Warnings: guns, gore (Screaming! Explosions! Falling from great heights! Injuries!), dead bodies, eugenics (ableism), gross sounds and smells, implied animal death, some swearing.

Short recap at end. Death toll is at the very bottom, if you want to spoil it for yourself.


Gooey Ashes

Keep Running

They say the world will go out not with a bang, but with a whimper.

The inhabitants of the apartment complex went out with not one, but many bangs.

Screams piled up. Bangs ricocheted across the lot.
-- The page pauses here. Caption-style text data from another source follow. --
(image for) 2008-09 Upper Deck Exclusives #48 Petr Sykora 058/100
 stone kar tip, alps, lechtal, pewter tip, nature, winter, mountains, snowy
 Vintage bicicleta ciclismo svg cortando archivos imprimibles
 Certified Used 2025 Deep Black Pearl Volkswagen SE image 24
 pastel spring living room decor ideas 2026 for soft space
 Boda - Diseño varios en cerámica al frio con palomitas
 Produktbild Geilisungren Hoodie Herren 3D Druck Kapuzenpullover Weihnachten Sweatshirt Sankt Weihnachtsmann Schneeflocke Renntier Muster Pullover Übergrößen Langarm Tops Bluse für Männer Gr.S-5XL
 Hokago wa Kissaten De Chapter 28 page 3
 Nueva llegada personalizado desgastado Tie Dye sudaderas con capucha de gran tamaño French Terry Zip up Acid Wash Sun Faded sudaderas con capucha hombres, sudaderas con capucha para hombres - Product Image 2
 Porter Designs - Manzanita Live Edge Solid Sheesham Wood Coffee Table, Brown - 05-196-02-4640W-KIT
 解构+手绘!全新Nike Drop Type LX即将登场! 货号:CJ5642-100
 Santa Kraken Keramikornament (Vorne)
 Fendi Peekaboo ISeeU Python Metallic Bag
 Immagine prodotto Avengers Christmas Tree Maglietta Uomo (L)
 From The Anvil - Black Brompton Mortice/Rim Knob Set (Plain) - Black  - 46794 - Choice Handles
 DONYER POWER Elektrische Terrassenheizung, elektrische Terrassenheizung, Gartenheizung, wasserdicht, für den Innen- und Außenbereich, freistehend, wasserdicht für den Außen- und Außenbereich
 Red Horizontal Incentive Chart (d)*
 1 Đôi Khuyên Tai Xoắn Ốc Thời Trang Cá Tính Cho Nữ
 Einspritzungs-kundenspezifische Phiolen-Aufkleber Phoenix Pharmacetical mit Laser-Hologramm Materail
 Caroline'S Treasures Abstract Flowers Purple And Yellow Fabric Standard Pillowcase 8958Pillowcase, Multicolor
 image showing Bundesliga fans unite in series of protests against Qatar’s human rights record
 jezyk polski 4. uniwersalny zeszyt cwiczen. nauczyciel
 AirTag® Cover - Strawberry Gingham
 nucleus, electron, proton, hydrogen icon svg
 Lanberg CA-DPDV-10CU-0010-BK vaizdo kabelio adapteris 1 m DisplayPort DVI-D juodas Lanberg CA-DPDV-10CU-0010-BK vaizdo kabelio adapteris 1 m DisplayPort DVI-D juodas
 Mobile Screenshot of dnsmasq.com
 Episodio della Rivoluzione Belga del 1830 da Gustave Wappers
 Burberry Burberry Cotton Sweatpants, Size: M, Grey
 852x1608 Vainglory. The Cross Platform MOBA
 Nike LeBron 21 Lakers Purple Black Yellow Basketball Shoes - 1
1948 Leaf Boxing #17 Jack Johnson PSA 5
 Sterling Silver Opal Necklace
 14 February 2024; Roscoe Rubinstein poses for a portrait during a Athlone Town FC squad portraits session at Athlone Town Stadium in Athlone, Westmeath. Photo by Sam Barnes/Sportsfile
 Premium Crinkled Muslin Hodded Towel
Fragile items shattered, furniture thumped on the floors, and bodies made a sickening noise that couldn't be erased from memory when they tumbled out of broken glass sliding doors.

Ludwig stared in mounting horror as the atrocities grew just outside his window, until Gilbert pulled him away. He started to tear from his grip, before seeing his brother's grim expression.

"Your eyes reflect light," he explained, voice low. "We have to pretend we're not here. With luck, nothing will come for us. We have to hide out until morning."

Ludwig considered his options, a hard feat with all the chaos. Finally, matching his brother's volume, he whispered, "Okay. We'll wait."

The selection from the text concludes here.